Politique

Emmanuel Macron aux pieds-noirs : "Il n'y a aucun manque de considération"

Par Thibault Maisonneuve et Christelle Marquès, France Bleu Provence et France Bleu vendredi 17 février 2017 à 17:40

Emmanuel Macron à Toulon samedi (photo d'illustration)
Emmanuel Macron à Toulon samedi (photo d'illustration) © Maxppp -

Avant son déplacement dans le Var, Emmanuel Macron est revenu pour France Bleu Provence sur ses propos polémiques sur la colonisation. Le candidat à la Présidentielle affirme que "la formule a été sortie de son contexte" et qu'il n'a "jamais voulu blesser personne".

Dans une interview accordée à France Bleu Provence et qui est diffusée ce vendredi soir à 18h10 (103.6 / 102.9), Emmanuel Macron indique "comprendre l'émotion" suscitée par ses propos sur la colonisation qu'il a comparée à "un crime contre l'humanité. [...] Une formule qui a été sortie de son contexte" se défend le candidat du mouvement En Marche. "J'ai surtout proposé à l'Algérie d'aller de l'avant, de sortir de cette histoire traumatique".

"Je ne veux blesser personne".

"En nommant toutes nos Histoires, nous devons aussi reconnaître ce que nous avons fait de mal" insiste Emmanuel Macron de retour de Carpentras où il a été bousculé par des représentants des pieds-noirs et des harkis. "Je ne veux blesser personne.
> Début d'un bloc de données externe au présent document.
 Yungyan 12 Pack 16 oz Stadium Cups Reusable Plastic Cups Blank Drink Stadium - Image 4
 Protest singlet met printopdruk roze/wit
C'est la responsabilité historique de la France".

"Je sais la vie de nos soldats, des pieds-noirs, des harkis que nous avons abandonnés, la violence des Algériens".
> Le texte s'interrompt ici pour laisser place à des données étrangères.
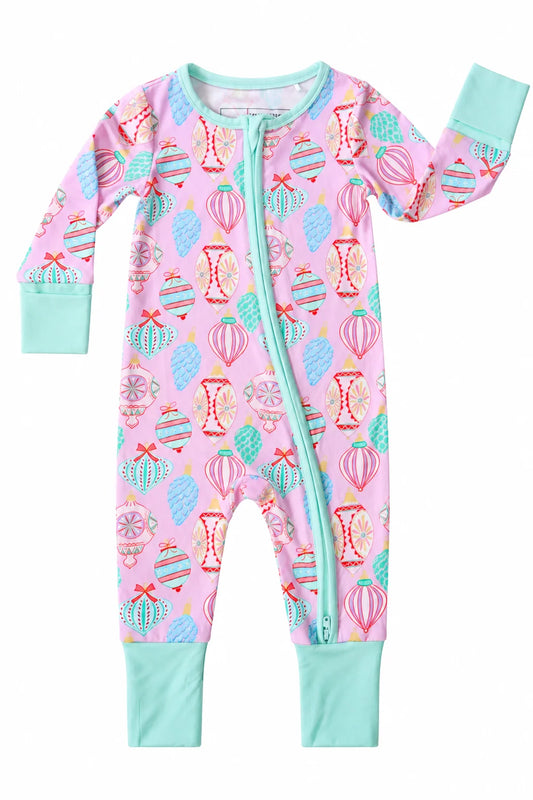 vintage ornament zipper romper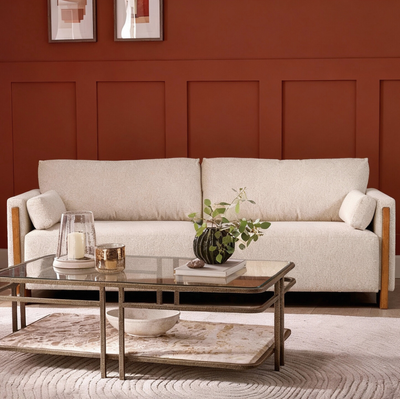 Audrey Exposed Wood Frame 3 Seat Sofa in Ecru Textured Weave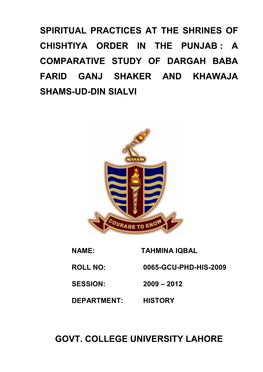 A Comparative Study of Dargah Baba Farid Ganj Shaker and Khawaja Shams-Ud-Din Sialvi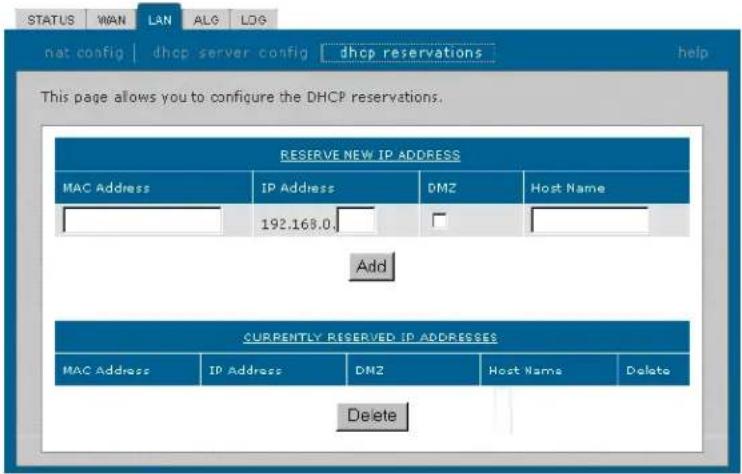 MOTOROLA SBG1000 - Gateway > LAN — dhcp reservations Page - 2
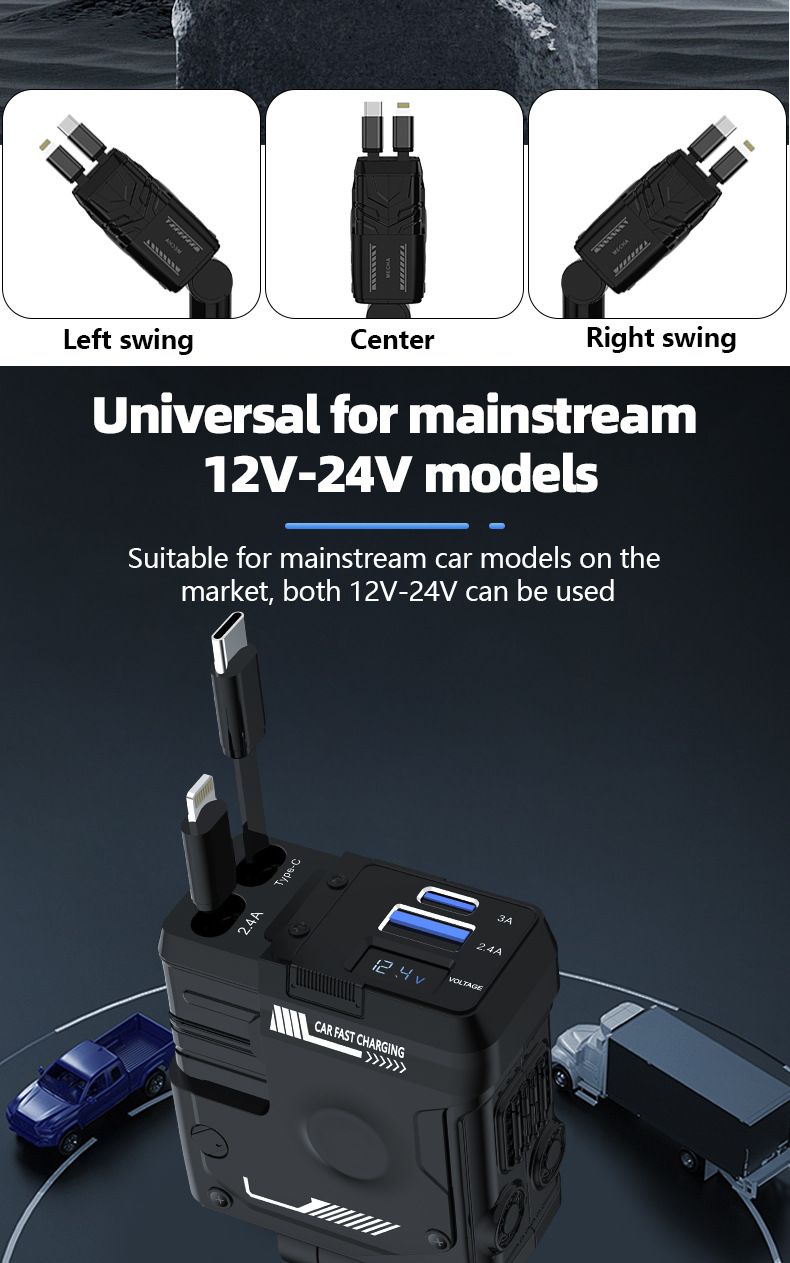Car Chargers Supports 66W Super Fast Charging Flash Charging Retractable Cable Four In One Cigarette Lighter_voghion.com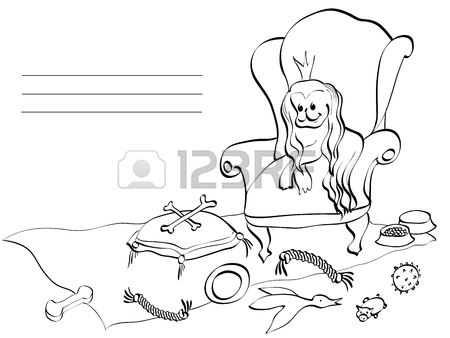 450x338 Card Vector Outline In Lines Comic Dog In Armchair With Crown
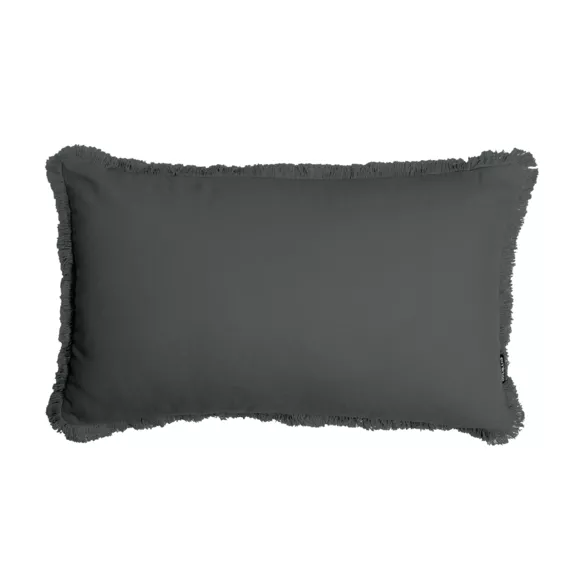 Cuscino rettangolare in cotone (40 x 60 cm) Pixel con frange Grigio antracite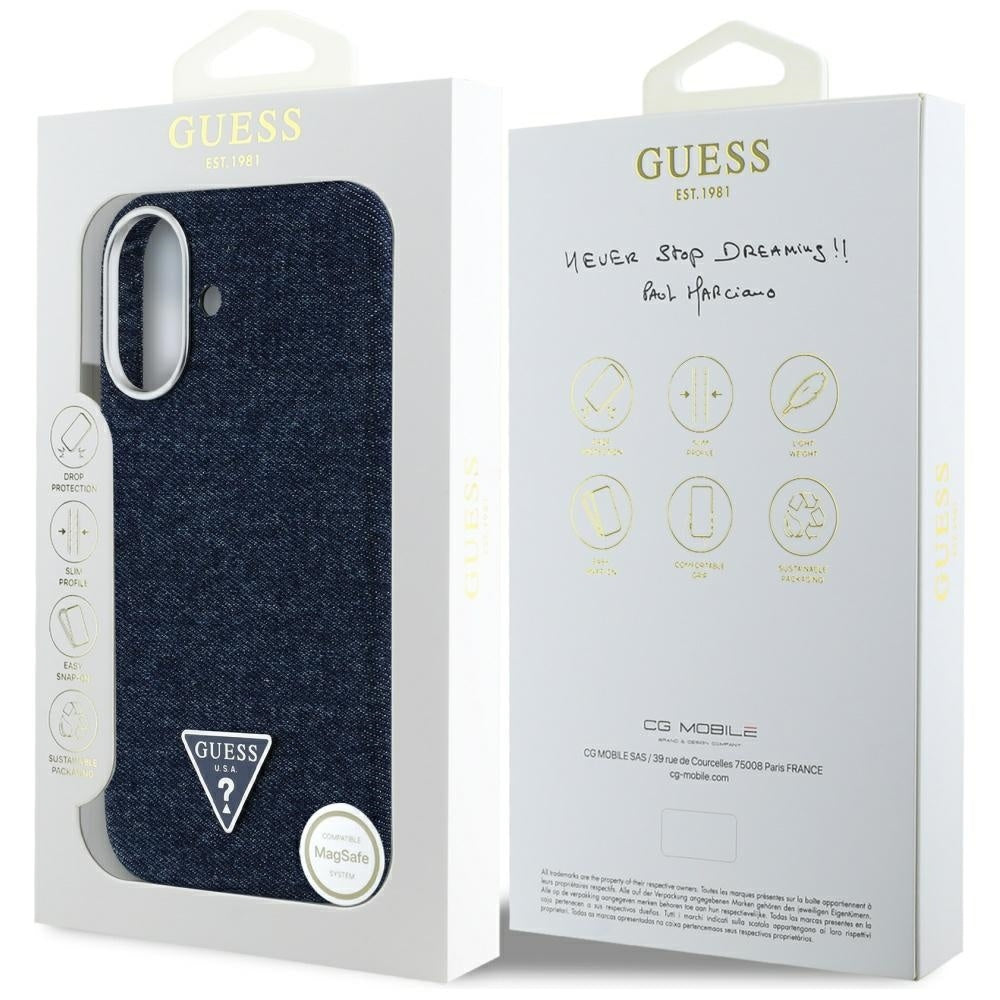 Capa MagSafe para Apple iPhone 16, Guess, Logotipo Triângulo Denim, Azul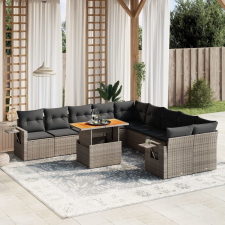 vidaXL 11 részes szürke polyrattan kerti ülőgarnitúra párnákkal kerti bútor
Emmanuel Macron reconnaît ensuite "les vies de nos soldats qui se sont battus, les vies des pieds-noirs qui ont subi les pressions, la violence des Algériens qui doit être reconnue, les crimes qui ont aussi été commis par ces derniers. Je sais la vie des harkis que nous avons abonnés et aussi celle des Français et des Françaises d'origine algérienne ou binationaux qui ont vécu leur propre histoire".

"Plusieurs mémoires à réconcilier".

"Ce qui est complexe dans l'Histoire entre la France et l'Algérie, c'est que nous avons plusieurs histoires à conjuguer, plusieurs mémoires à réconcilier", conclut Emmanuel Macron qui tiendra un meeting samedi à Toulon.

Une "police de sécurité quotidienne" dans les quartiers

Lors de son déplacement à Toulon, Emmanuel Macron plaidera également pour une "police de sécurité quotidienne". Il affirme que "le démantèlement de la police de proximité a été une erreur commise par la droite et non corrigée par la gauche". Selon lui dans les quartiers difficiles, "la police ne peut pas intervenir de façon ponctuelle en arrivant très armée avec des techniques qui ne sont pas celles de la sécurité au quotidien".

Emmanuel Macron s'engage à embaucher durant son quinquennat 10.000 policiers et gendarmes dont 7.500 policiers. Il souhaite aussi "dégager du temps utile aux policiers, libérés de tâches quotidiennes".